------ RECORDS SUPPLIED ------

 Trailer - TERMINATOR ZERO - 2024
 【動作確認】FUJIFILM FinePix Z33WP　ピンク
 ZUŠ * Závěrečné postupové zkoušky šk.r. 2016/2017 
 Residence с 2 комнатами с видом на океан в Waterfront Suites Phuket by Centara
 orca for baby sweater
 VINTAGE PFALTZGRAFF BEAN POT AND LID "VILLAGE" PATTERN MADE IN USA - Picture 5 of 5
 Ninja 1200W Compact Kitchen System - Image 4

------
------ RECORDS SUPPLIED ------

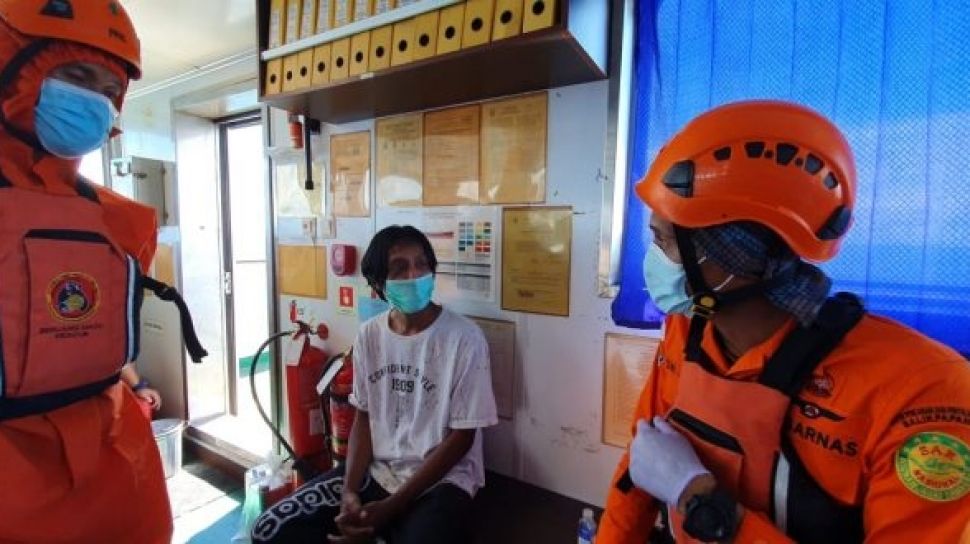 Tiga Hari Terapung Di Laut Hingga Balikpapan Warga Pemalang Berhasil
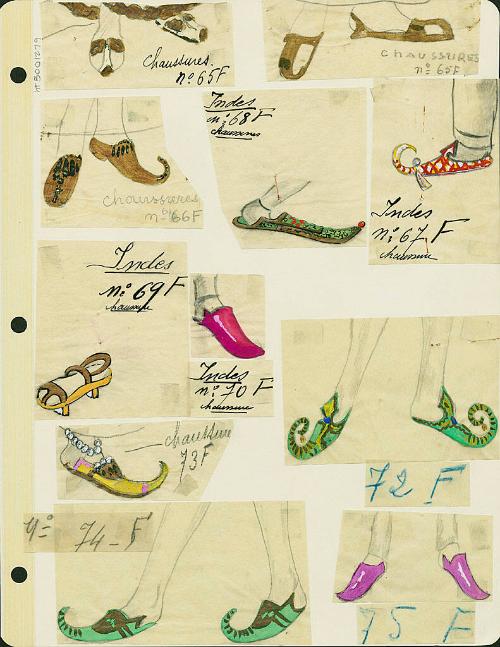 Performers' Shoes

------

- **WORK ITEM**: Above is a listing; print exactly its lines from the one with "Trailer - TERMINATOR ZERO - 2024" through the one with "Ninja 1200W Compact Kitchen System - Image 4", and no other lines.

- **OUTPUT FOR THIS EXERCISE**:
 Trailer - TERMINATOR ZERO - 2024
 【動作確認】FUJIFILM FinePix Z33WP　ピンク
 ZUŠ * Závěrečné postupové zkoušky šk.r. 2016/2017 
 Residence с 2 комнатами с видом на океан в Waterfront Suites Phuket by Centara
 orca for baby sweater
 VINTAGE PFALTZGRAFF BEAN POT AND LID "VILLAGE" PATTERN MADE IN USA - Picture 5 of 5
 Ninja 1200W Compact Kitchen System - Image 4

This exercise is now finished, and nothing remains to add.